Record Pattern Synonyms
AbandonedPublic

Authored by bgamari on Aug 17 2015, 7:30 AM.

Details

Summary

This patch implements an extension to pattern synonyms which allows user to specify pattern
synonyms using record syntax. Doing so generates appropriate selectors and update functions.

TODO

  • Fix panic when there is an partial record update.
  • The panic only occurs when the update is polymorphic.
  • Make sure selectors/updaters are only generated for the appropriate patterns
  • Increase code reuse between record update typechecking and pattern syn update checking (DONE: completely unified)
  • Fix interface file (currently an undefined in there)
  • Decide what the correct thing to do for explicitly bidirectional updates is (see below)
  • Generate proper update functions for explicitly bidirectional patterns
  • Fix lint errors
  • Add tests
  • Add proper annotation information in the parser
  • Fix core lint errors .. no idea currently about this one

TODO: After merge

These refactorings will muddy the diff so I will make these changes later.

  • Refactor PatSynDetails to HsConDetails?
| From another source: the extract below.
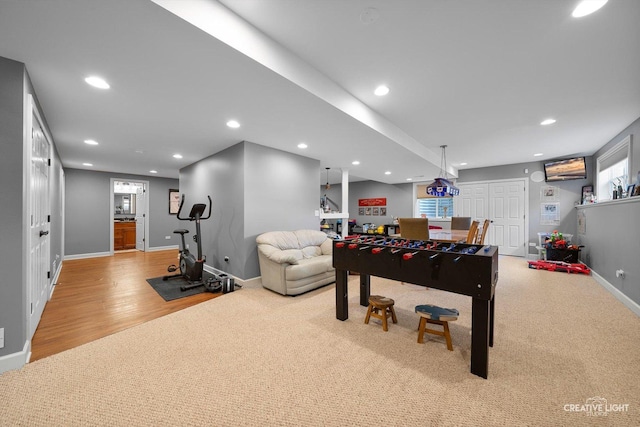 rec room with baseboards, recessed lighting, and wood finished floors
The two datatypes are isomorphic.
  • Refactor IdDetails to use ConLike? (Not a good ideas as RecordSelId takes a TyCon, not a DataCon.

Updating Explicitly Bidirectional Pattern Synonyms

Consider the following

pattern Silly{a} <- [a] where
  Silly a = [a, a]

f1 = a [5] -- 5

f2 = [5] {a = 6} -- currently [6,6]

Fixing Polymorphic Updates

They were fixed by adding these two lines in dsExpr. This might break record updates but will be easy to fix.

+ ; let req_wrap = mkWpTyApps (mkTyVarTys univ_tvs)

- , pat_wrap = idHsWrapper }
+, pat_wrap = req_wrap }

Mixed selectors error

Note [Mixed Record Field Updates]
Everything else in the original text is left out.